Edouard III fait broder en avril 1348 les premières jarretières bleues aux lettres d'or et d'argent : "Honni soit qui mal y pense." Les chevaliers de la Jarretière sont recrutés parmi "les plus profitables à la Couronne et au royaume." Les romans de la Table ronde ont offert un modèle: celui d'un groupe de chevaliers laïcs choisis par le roi et conduits par lui. L'idéal est celui de la chevalerie la protection des faibles, la défense du bon droit.

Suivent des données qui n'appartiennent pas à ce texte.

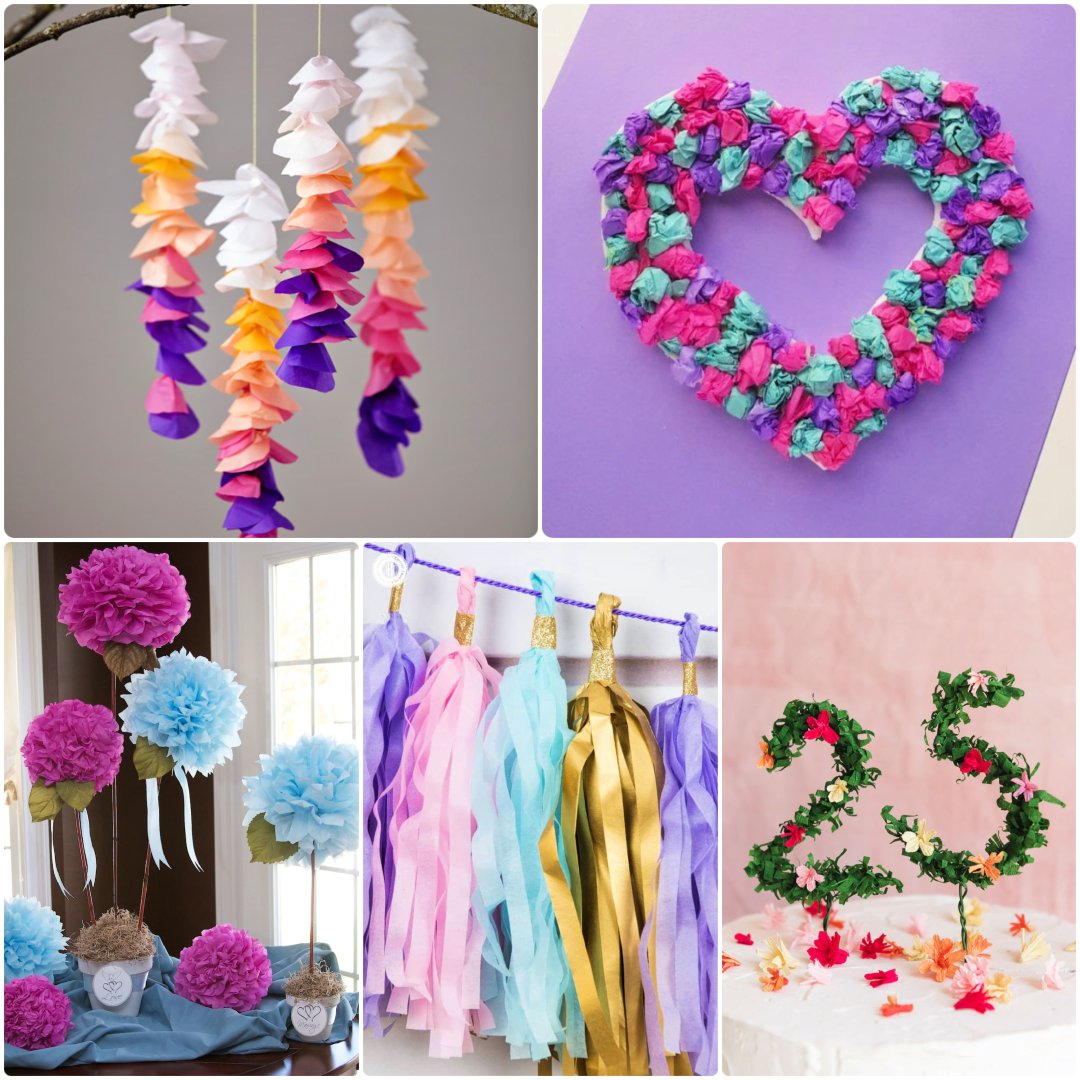 50+ Tissue Paper Crafts for Creative Minds of Any Age - Mod Podge Rocks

Le roi de France Jean le Bon (1350-1364), fils de Philippe VI de Valois, voit l'Anglais réaliser ce qu'il a naguère rêvé. L'Ordre de l'Etoile sera le pendant français de la Jarretière. Les membres en sont désignés à la fin de 1351. Les statuts sont promulgués en octobre 1352. L'Etoile garantit au roi ce dont l'assurait l'ancien hommage: la loyauté à toute épreuve d'une véritable armée. Napoléon fera de même: la Garde impériale sera une armée d'élite au sein d'une grande armée passablement disparate. Les chevaliers se réunissent en "cour plénière" le 15 août de chaque année, dans la Noble Maison de Saint-Ouen. Chacun y raconte sous serment ses prouesses et ses faiblesses à la guerre. En bref, on fait le bilan des expériences. (35)
 

Plus tard, l'hymne britannique lui-même, "God save the queen " ou "king" selon les règnes (adapté par Haendel pour le roi George Ier 1714-1727, le fondateur de la dynastie britannique maçonnique de Hanovre...) sera une copie de notre Dieu sauve le Roy de Mme de Brinon (1686), mis en musique par Lully en 1687 et Charpentier en 1785.

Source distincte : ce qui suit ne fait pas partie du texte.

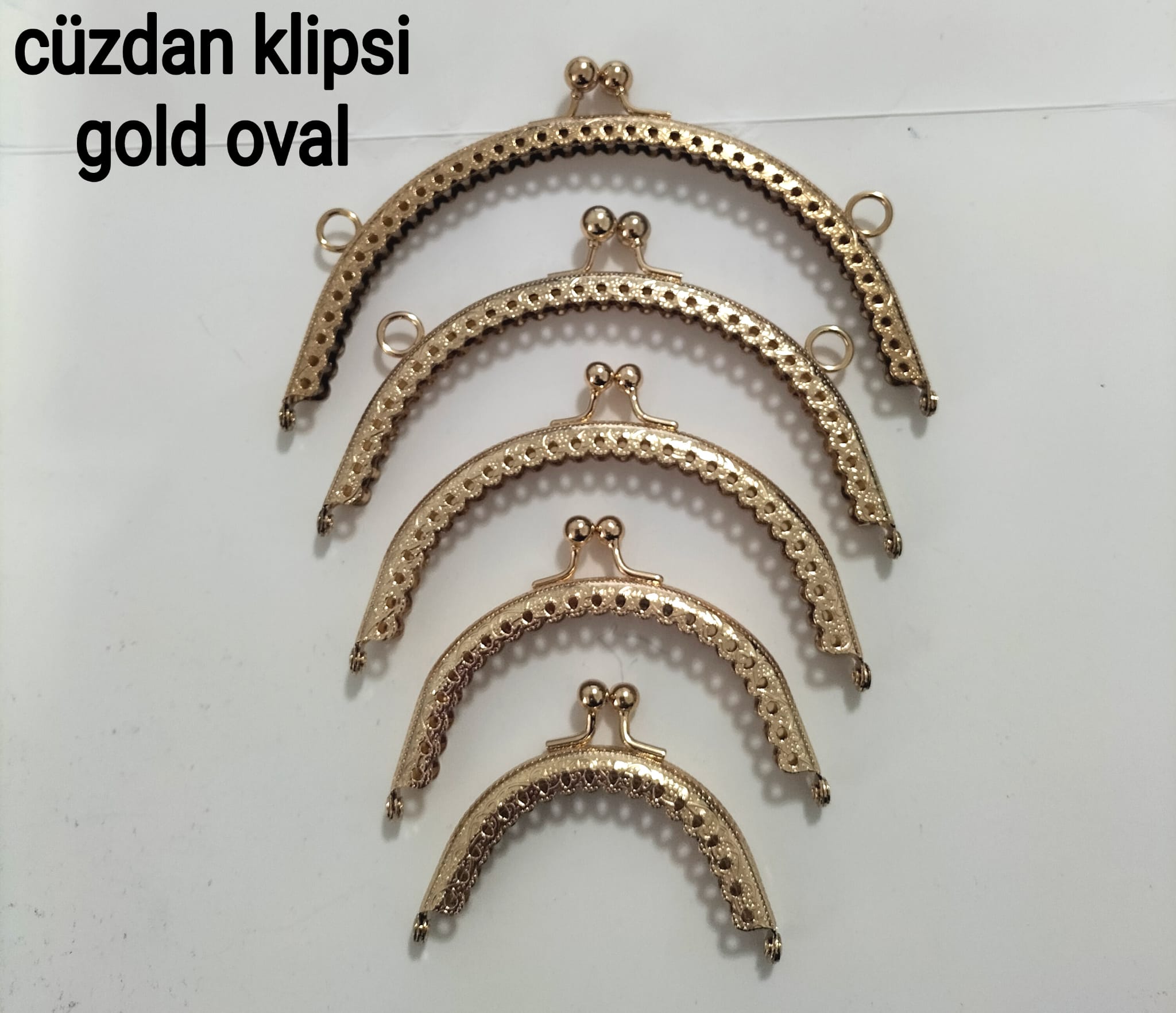 Cüzdan Klipsi Oval  1 adet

«L'origine démoniaque des Plantagenêts - l'enchanteur Merlin est à la mode - et la malédiction planant sur leur lignage sont connues jusqu'en Rhénanie.» (36)

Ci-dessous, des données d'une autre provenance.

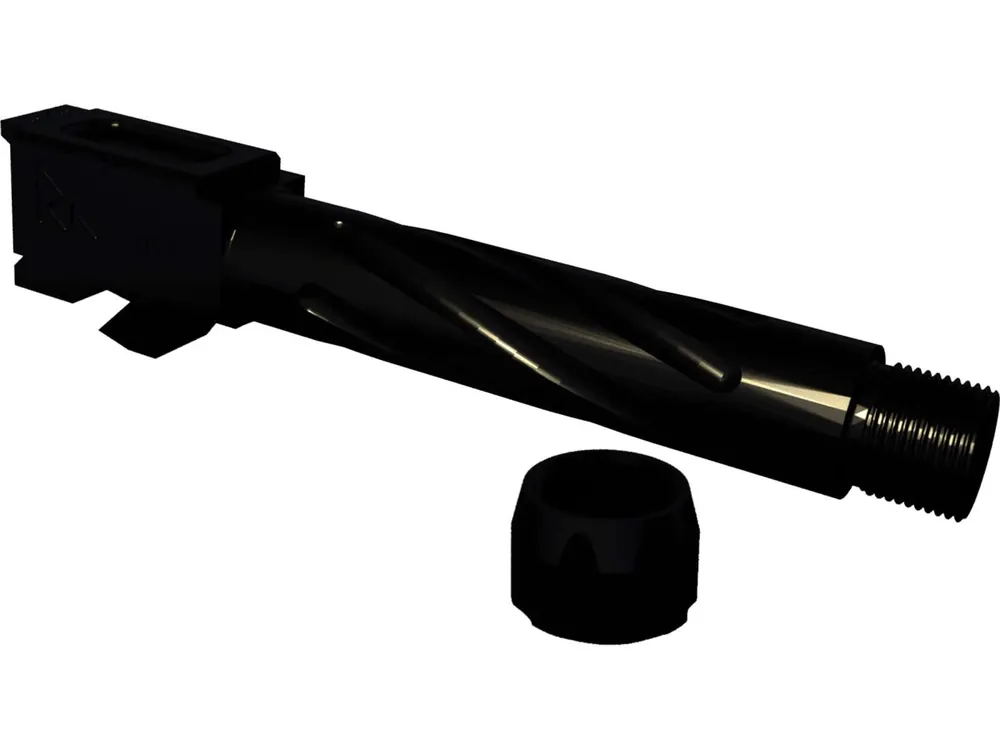RIVAL ARMS RA20G512A Threaded Compatible with Glock 23 9mm Luger 416 Stainless Steel Black PVD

« Selon le témoignage de Giraud de Barri, le roi (Henri II) avait fait peindre dans son palais de Winchester une fresque qui représentait un grand aigle attaqué par ses quatre aiglons, afin d'être figuré avec sa progéniture séditieuse. ... Les Plantagenêts et leur entourage recourent spontanément aux vaticinations de Merlin pour disculper leur guerre intestine. ... Les vaticinations de Merlin, tout comme l'ancêtre féérique des comtes d'Anjou, appartiennent au registre folklorique des interventions du démon et de ses satellites (Merlin était le sorcier du roi Arthur Pendragon, roi celte légendaire de Grande-Bretagne qui repoussa les invasions saxonnes fin Ve, début VIe siècle, Ndlr.). 

 

Nul ne l'a mieux exprimé que Giraud de Barri, l'un des promoteurs de l'idée d'une malédiction pesant sur les Plantagenêts. Il attribue en effet à Geoffroy de Bretagne (fils d'Aliénor et d'Henri) - dont le fils Arthur sera assassiné un jour par son frère Jean - la réponse faite à Geoffroy de Lucy, futur évêque de Winchester (1189-1204), émissaire de son père qui le prie de se réconcilier avec lui : "Vous ne devez pas ignorer qu'il nous a été donnés par nature, et pour ainsi dire par droit d'héritage de nos ancêtres, qui nous l'ont légué et inculqué, qu'aucun de nous n'aime l'autre, et que toujours le frère combattra le frère et le fils le père de toutes les forces dont il sera capable. Ne tâchez donc pas de nous priver de nos droits héréditaires, en vous efforçant en vain de chasser le naturel". A en coire Pierre de Blois, Henri II ne dit rien d'autre : "Je suis par nature le fils de la colère, comment pourrais-je ne pas me mettre en colère?" » (37) Richard Coeur de Lion dira lui-même : "Nous qui provenons du diable, reviendrons au diable." (38).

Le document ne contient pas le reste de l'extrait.